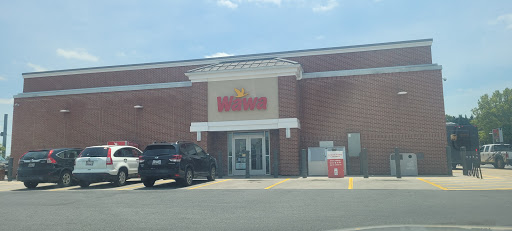 Convenience Store «Wawa», reviews and photos, 1001 W Patrick St, Frederick, MD 21702, USA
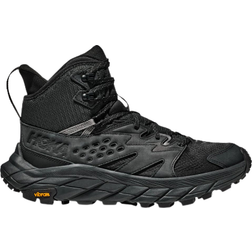 Hoka Anacapa Breeze Mid M - Black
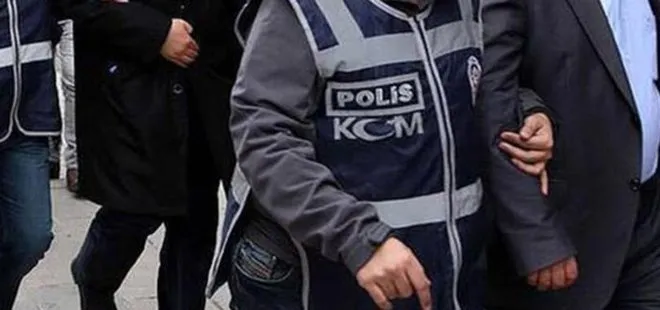 Adana merkezli 8 ilde FETÖ operasyonu: 21 gözaltı kararı var
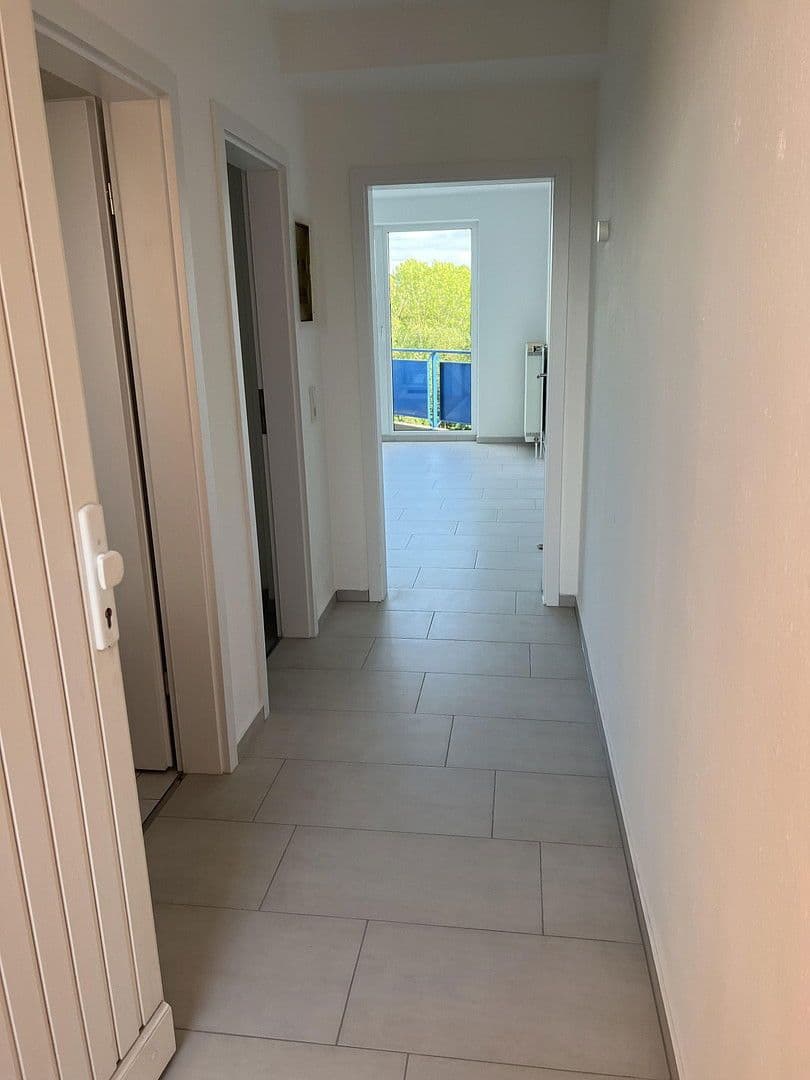Studio flat to rent, 37 m², Wilhelmshaven, Lower Saxony Studio flat to rent, 37 m², Wilhelmshaven, Lower Saxony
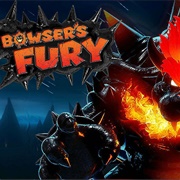 Bowser&#39;s Fury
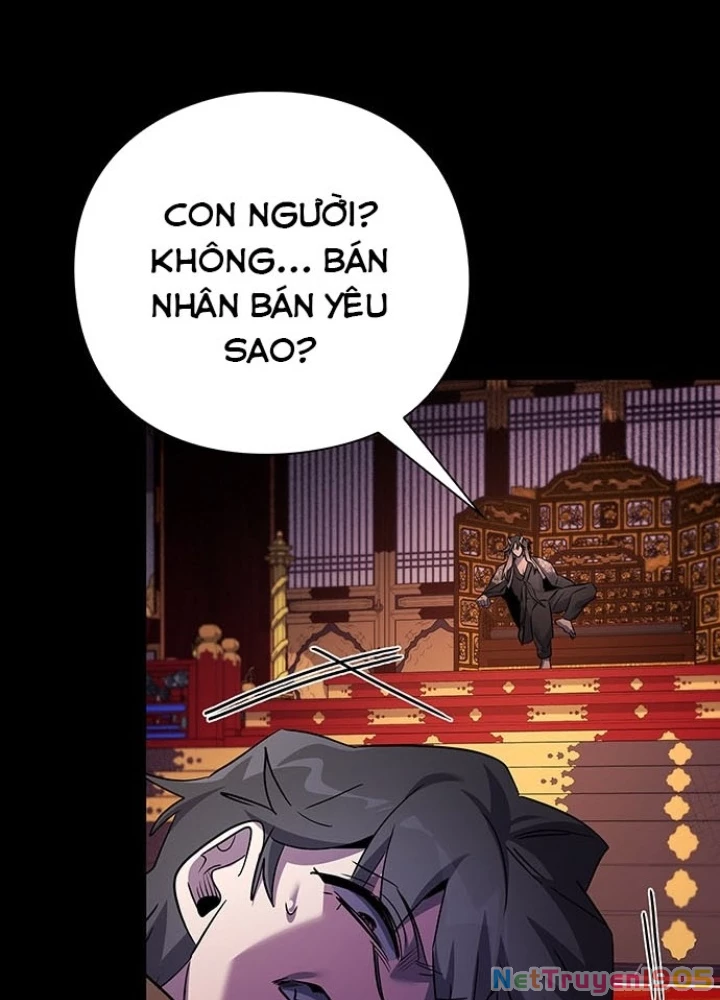 Đêm Của Yêu Tinh Chapter 112 - 97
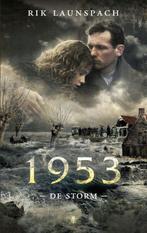 1953 De Storm Filmeditie 9789023455431 Rik Launspach, Boeken, Verzenden, Gelezen, Rik Launspach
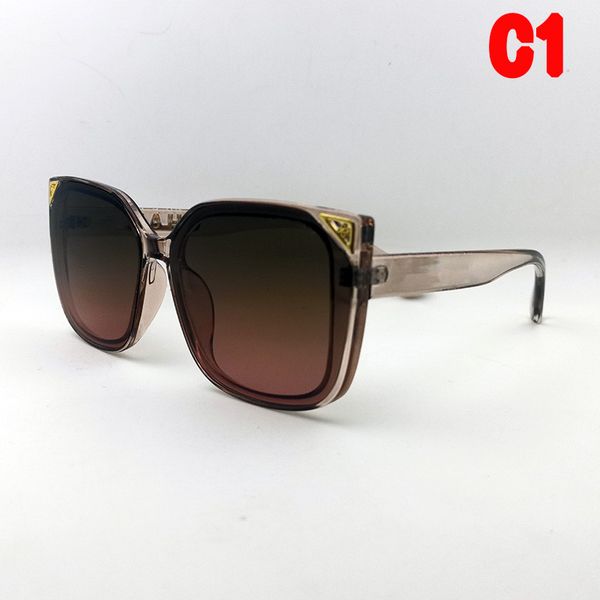 gafas de sol de diseñador fashion rectangle glasses mens sunglasses occhiali luxury designer sunglasses men luxury sun glasses, White;black
gafas de sol de diseñador fashion rectangle glasses mens sunglasses occhiali luxury designer sunglasses men luxury sun glasses, White;black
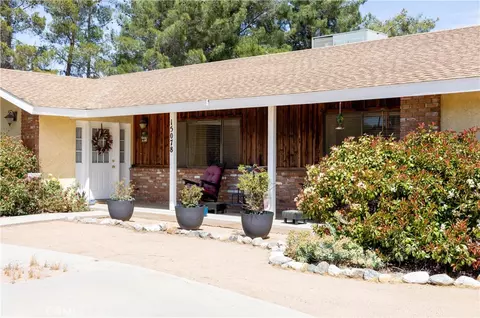 15078 Cactus, Hesperia, CA 92345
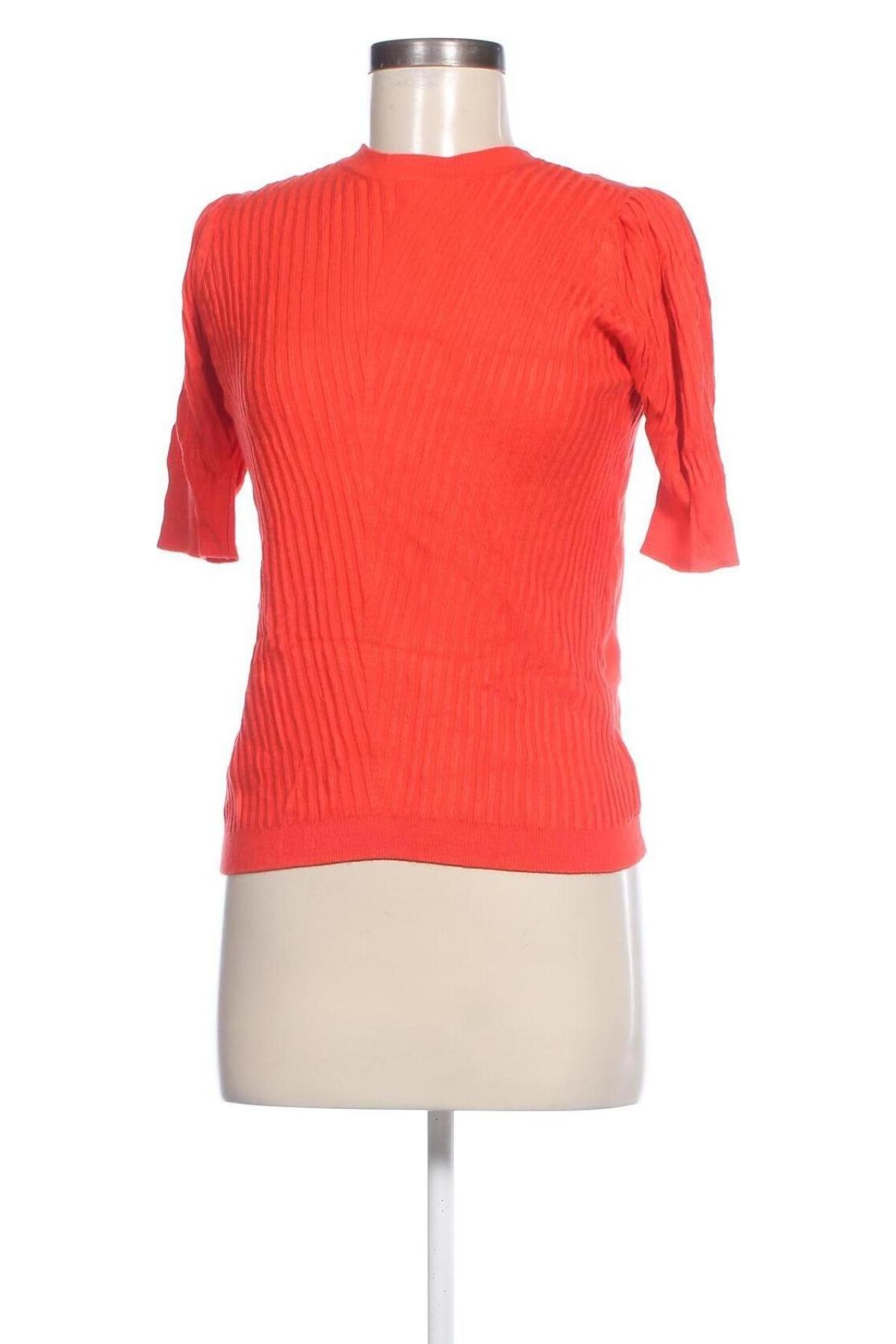 Damenpullover Marks & Spencer, Größe M, Farbe Orange, Preis € 20,49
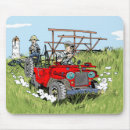 Search for jeep mousepads Classic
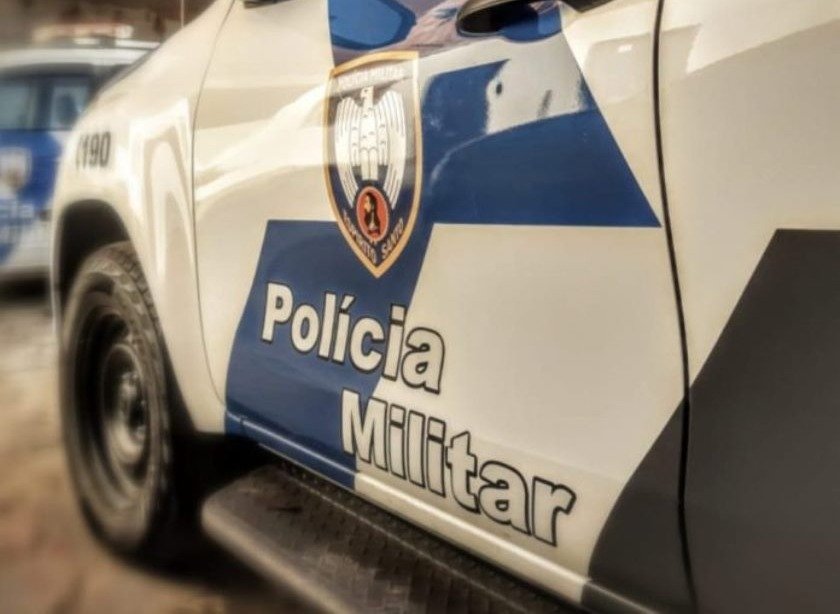 Líder do tráfico do bairro Jaburuna, em Vila Velha, é preso em Cariacica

# # # # #

Write out exactly, and nothing more than, the lines of the entries above from the line containing "Hoka Anacapa Breeze Mid M - Black" through the final line; omit any pictures.

### Written response
 Hoka Anacapa Breeze Mid M - Black
 Adana merkezli 8 ilde FETÖ operasyonu: 21 gözaltı kararı var
Studio flat to rent, 37 m², Wilhelmshaven, Lower Saxony Studio flat to rent, 37 m², Wilhelmshaven, Lower Saxony
 Bowser&#39;s Fury
 Đêm Của Yêu Tinh Chapter 112 - 97
 1953 De Storm Filmeditie 9789023455431 Rik Launspach, Boeken, Verzenden, Gelezen, Rik Launspach
 gafas de sol de diseñador fashion rectangle glasses mens sunglasses occhiali luxury designer sunglasses men luxury sun glasses, White;black
gafas de sol de diseñador fashion rectangle glasses mens sunglasses occhiali luxury designer sunglasses men luxury sun glasses, White;black
 15078 Cactus, Hesperia, CA 92345
 Damenpullover Marks & Spencer, Größe M, Farbe Orange, Preis € 20,49
 Search for jeep mousepads Classic
 Líder do tráfico do bairro Jaburuna, em Vila Velha, é preso em Cariacica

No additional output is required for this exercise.